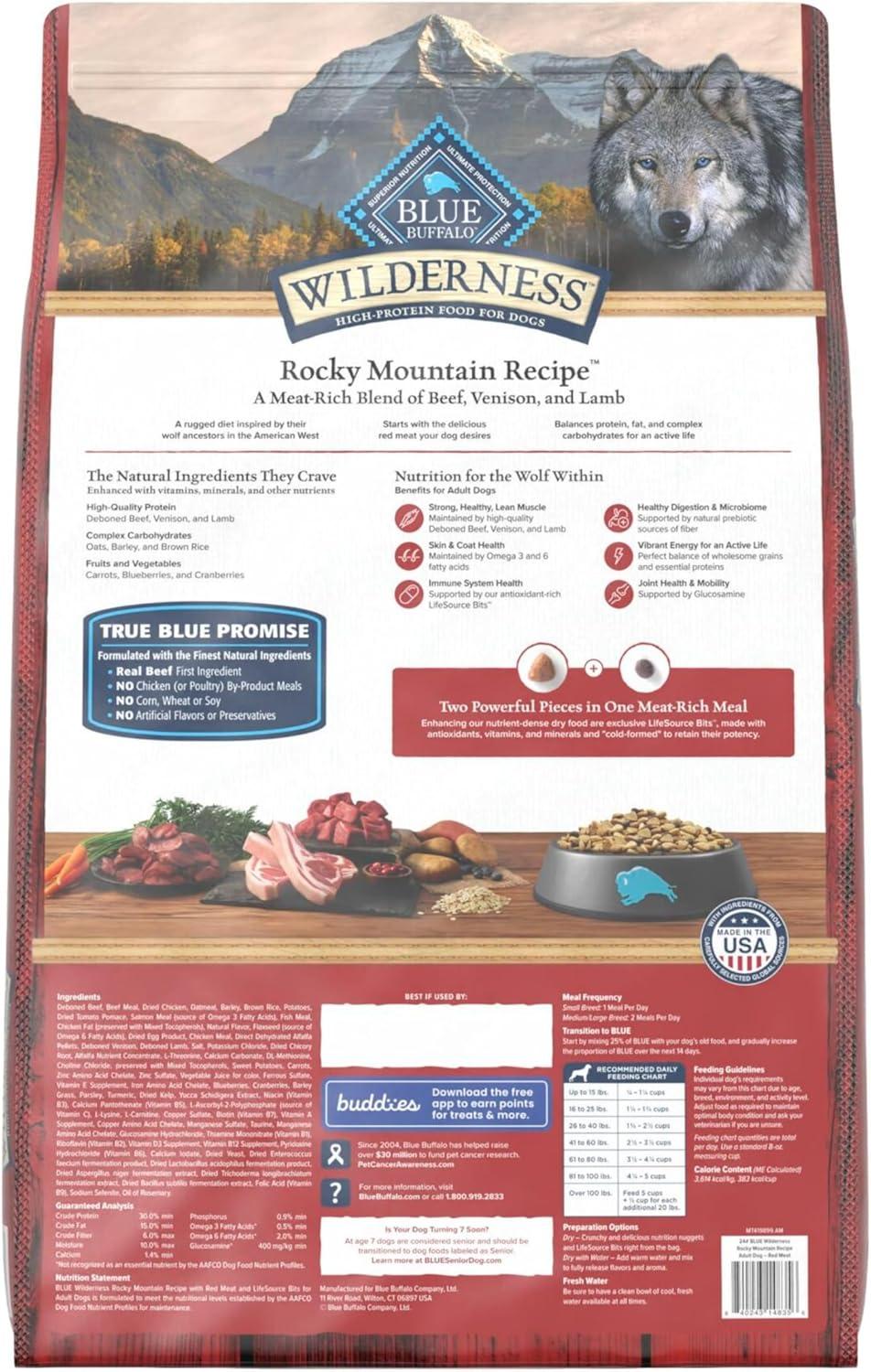 imageBlue Buffalo Wilderness Rocky Mountain Recipe HighProtein Adult Dry Dog Food Made in the USA with Natural Ingredients Plus Wholesome Grains Red Meat 28lb BagRed Meat with Grain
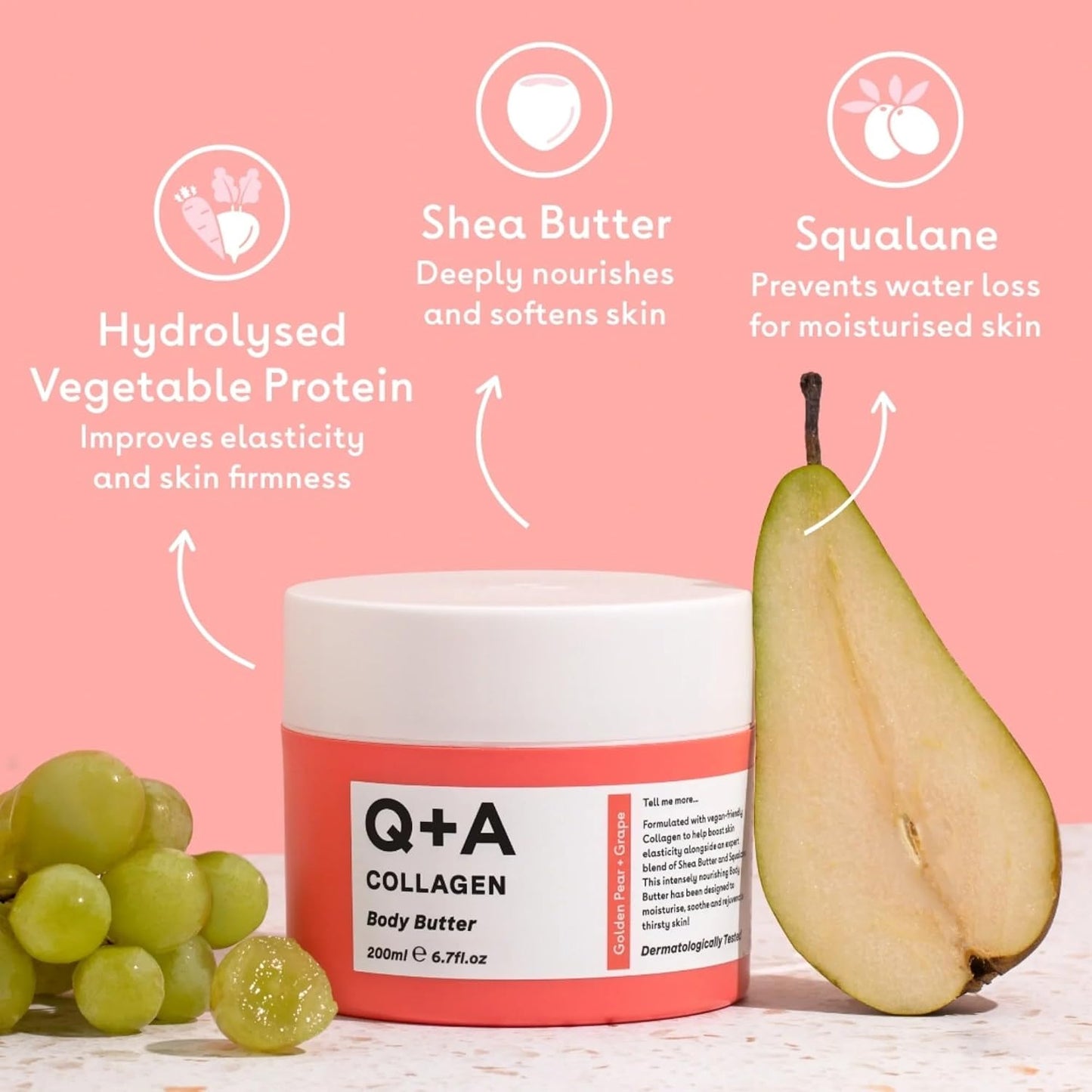 Q+A Collagen Body Butter: Luxuriously Rich, Intensely Moisturising Vegan Formula with Hydrolysed Vegetable Protein, Shea Butter, Squalane, and Golden Pear and Grape Scent for Soft, Supple Skin, 200ml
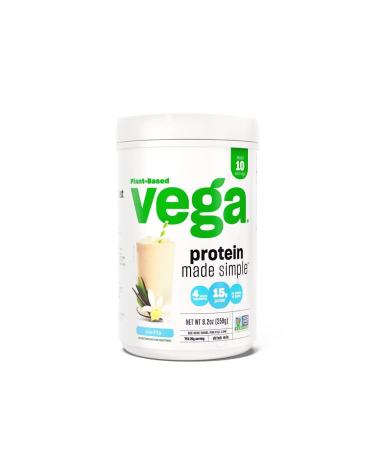 Vega Protein Made Simple Vanilla 10 Servings - Stevia Free Vegan Protein Powder Plant Based Healthy Gluten Free Pea Protein for Women and Men 9.2 Oz (Packaging May Vary) Vanilla 10 Servings (Pack of 1)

What to work on: Print the data once more without any change, skipping each picture.

Completed task:
 imageBlue Buffalo Wilderness Rocky Mountain Recipe HighProtein Adult Dry Dog Food Made in the USA with Natural Ingredients Plus Wholesome Grains Red Meat 28lb BagRed Meat with Grain
 Q+A Collagen Body Butter: Luxuriously Rich, Intensely Moisturising Vegan Formula with Hydrolysed Vegetable Protein, Shea Butter, Squalane, and Golden Pear and Grape Scent for Soft, Supple Skin, 200ml
 Vega Protein Made Simple Vanilla 10 Servings - Stevia Free Vegan Protein Powder Plant Based Healthy Gluten Free Pea Protein for Women and Men 9.2 Oz (Packaging May Vary) Vanilla 10 Servings (Pack of 1)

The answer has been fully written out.